### DIRECTIONS
Copy every line that contains the string "painting" from the entries below.

### EXCERPTED DATA

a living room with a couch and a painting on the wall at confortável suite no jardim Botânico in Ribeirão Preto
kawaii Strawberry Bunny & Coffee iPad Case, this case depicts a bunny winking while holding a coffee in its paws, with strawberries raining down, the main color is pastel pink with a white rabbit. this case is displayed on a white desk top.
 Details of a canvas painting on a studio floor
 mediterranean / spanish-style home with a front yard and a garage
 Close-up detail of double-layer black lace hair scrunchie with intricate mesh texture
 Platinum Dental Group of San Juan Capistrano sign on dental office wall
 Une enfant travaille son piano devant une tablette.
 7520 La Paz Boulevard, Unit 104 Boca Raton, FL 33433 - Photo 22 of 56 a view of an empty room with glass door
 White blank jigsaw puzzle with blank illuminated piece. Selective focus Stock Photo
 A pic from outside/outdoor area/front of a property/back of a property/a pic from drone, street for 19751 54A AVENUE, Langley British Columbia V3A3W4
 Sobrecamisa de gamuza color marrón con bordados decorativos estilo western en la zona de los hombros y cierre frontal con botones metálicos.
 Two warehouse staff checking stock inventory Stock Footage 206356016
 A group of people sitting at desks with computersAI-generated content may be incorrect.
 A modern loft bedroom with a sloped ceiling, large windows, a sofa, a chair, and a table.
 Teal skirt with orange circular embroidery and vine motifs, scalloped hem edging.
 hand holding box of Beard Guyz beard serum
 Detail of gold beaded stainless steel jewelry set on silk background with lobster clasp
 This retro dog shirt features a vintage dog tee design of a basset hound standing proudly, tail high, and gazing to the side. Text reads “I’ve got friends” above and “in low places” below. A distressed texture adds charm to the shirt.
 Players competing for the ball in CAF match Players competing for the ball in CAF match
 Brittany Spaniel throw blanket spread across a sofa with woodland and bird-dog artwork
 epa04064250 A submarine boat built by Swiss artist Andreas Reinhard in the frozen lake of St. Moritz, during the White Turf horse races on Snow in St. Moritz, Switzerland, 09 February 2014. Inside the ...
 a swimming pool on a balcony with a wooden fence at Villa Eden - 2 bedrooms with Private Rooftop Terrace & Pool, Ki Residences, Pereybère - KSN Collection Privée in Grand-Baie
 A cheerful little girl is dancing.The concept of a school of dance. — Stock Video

### ANSWER FOR THE TASK
a living room with a couch and a painting on the wall at confortável suite no jardim Botânico in Ribeirão Preto
 Details of a canvas painting on a studio floor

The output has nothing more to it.